Find the line in the entries below that contains "Sennheiser HD 400S BLACK (Mic/ Smart remote)". Repeat it exactly, and every line after it through the line that contains "Hola designs, themes, templates".

* [Extracted entries]:
= Beginning of Section =

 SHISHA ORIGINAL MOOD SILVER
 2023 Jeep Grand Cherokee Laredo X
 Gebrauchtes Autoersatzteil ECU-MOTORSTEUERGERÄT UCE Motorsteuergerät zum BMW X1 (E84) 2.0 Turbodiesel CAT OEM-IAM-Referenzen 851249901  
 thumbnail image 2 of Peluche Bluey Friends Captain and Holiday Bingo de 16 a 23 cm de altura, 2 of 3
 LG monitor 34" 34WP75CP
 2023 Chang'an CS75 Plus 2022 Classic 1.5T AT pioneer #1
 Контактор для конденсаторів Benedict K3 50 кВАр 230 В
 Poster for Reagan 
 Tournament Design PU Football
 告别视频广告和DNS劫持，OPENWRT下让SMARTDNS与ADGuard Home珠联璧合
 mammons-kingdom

= End of Section =
= Beginning of Section =

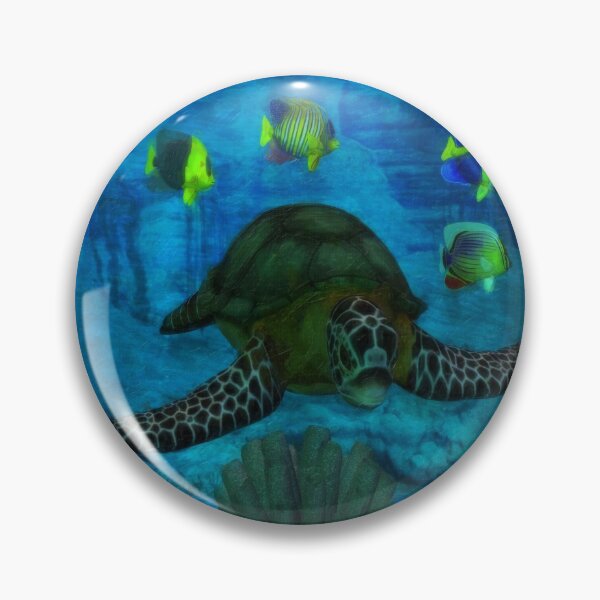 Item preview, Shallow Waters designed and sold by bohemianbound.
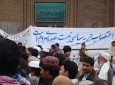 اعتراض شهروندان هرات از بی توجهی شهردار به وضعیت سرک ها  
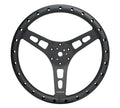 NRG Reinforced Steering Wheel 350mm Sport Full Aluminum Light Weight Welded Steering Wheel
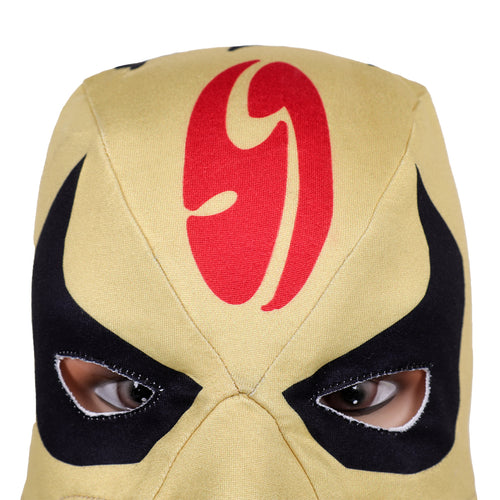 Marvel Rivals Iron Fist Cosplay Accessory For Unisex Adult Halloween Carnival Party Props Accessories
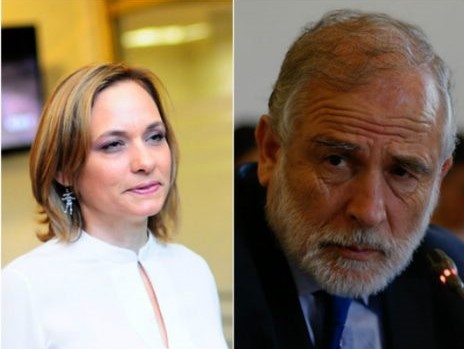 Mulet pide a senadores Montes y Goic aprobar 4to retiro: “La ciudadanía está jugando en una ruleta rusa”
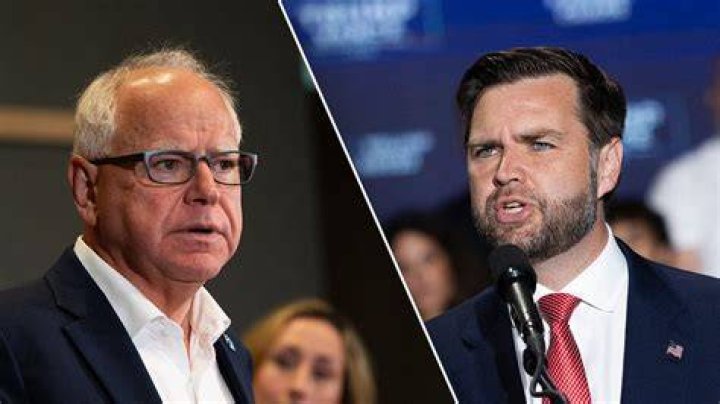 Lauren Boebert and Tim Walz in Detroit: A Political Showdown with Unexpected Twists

= End of Section =
= Beginning of Section =

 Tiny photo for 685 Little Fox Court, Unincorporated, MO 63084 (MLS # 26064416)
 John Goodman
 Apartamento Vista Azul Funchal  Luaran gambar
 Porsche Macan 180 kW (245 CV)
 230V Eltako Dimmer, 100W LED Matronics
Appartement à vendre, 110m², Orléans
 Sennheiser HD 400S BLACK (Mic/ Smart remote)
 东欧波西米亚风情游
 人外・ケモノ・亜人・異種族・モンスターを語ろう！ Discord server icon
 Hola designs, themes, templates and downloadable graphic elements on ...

= End of Section =

* [Exercise solution]:
 Sennheiser HD 400S BLACK (Mic/ Smart remote)
 东欧波西米亚风情游
 人外・ケモノ・亜人・異種族・モンスターを語ろう！ Discord server icon
 Hola designs, themes, templates and downloadable graphic elements on ...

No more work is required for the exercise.